It should be no surprise, then, that our most significant comments and concerns focus on the one area of the proposed regulations where there was no discussion prior to their issuance. Specifically, we are talking about the provisions in the proposed regulations relating to combination defined contribution/defined benefit plans.
The preamble to the proposed regulations states that the rules applicable to combination plans are intended to prevent circumvention of the 5% minimum contribution gateway through a combination plan approach. We recognize and agree on the importance of creating rules to restrict such circumvention of the minimum contribution gateway. However, the rules applicable to combination plans actually proposed go well beyond the stated intent in the preamble. Ultimately, we believe these rules, if finalized in their current state, would cause businesses to abandon their defined contribution plans to the ultimate detriment of rank-and-file small business workers.
Typically, small businesses adopt defined benefit plans because such plans are an effective way to permit longer service employees to catch-up with respect to their retirement savings. These longer service employees have previously not been covered by a retirement plan because the small business has been devoting its resources to developing the business. Younger workers, on the other hand, prefer retirement benefits through a defined contribution plan because of their portability. A combination defined benefit/defined contribution plan approach allows the small business to catch-up the retirement savings of longer service workers while providing retirement benefits to younger workers that they appreciate.
Unfortunately, if the proposed rules applicable to combination plans are allowed to be made final, it is extremely unlikely that any small business would ever adopt a combination plan approach. Instead, as will be demonstrated, the small business will adopt a stand-alone defined benefit plan that, although satisfying the needs of the longer service workers, does not address the needs of younger workers. This is particularly problematic given today’s tough labor market and the need for small businesses to attract younger workers.

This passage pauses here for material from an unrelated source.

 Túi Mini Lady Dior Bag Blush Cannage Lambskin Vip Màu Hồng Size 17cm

The reason small businesses will abandon their defined contribution plans is quite clear. Under the proposed regulations, if a small business adopts a combination plan approach, it would not be unusual for the small business to be required to make defined contribution plan allocations between 15 to 20 percent of pay, and sometimes more. This would often triple or quadruple the cost of maintaining the defined contribution plan, and would be an unsupportable expense for most small businesses. Exhibit A of this letter details a series of examples on how this could happen.
It is important to emphasize that the examples provided in Exhibit A would not be unusual. Rather their occurrence would be expected and, given their likelihood, consultants would advise their clients to avoid a combination plan approach given its potential excessive cost. Instead, as also demonstrated in Exhibit A, consultants will advise their clients to adopt stand-alone defined benefit plans of varying designs where the costs are significantly less and the benefits are often less valuable to the younger rank-and-file workers.

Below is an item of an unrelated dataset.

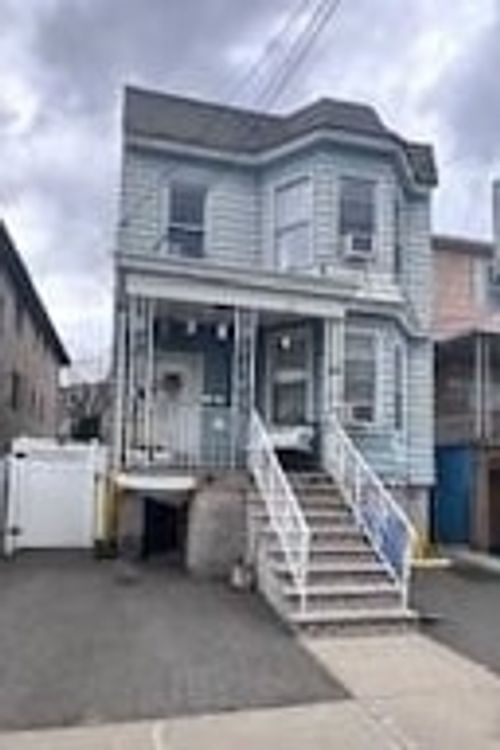 313 4th St, Fairview, NJ, 07022 | Card Image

Simply put, although the objective of avoiding circumvention of the 5% minimum contribution gateway as stated in the preamble is appropriate, the proposed rules go significantly beyond that. Instead of protecting participants, they will lead to the abandonment of defined contribution plans that provided valuable benefits to small business employees. As a matter of retirement policy, encouraging this change in behavior makes no sense and produces effects that we presume were not intended.
Exhibit B to this letter details a proposal for combination plans that will effectively avoid circumvention of the 5% minimum contribution gateway, but will not result in the abandonment of defined contribution plans to the detriment of younger small business employees. In general, the proposal suggests a gateway for the defined benefit plan similar to the proposed gateway for a stand-alone defined contribution plan. Employees covered only by the defined benefit plan would have to receive a minimum accrual equal to the lesser of (a) one-third of the highest accrual rate provided under the plan or (b) a 2% accrual rate. Employees covered only by the defined contribution plan would generally receive the same minimum contribution as if they were covered by a stand-alone defined contribution plan. However, in no case would these employees receive less than a 5% minimum contribution.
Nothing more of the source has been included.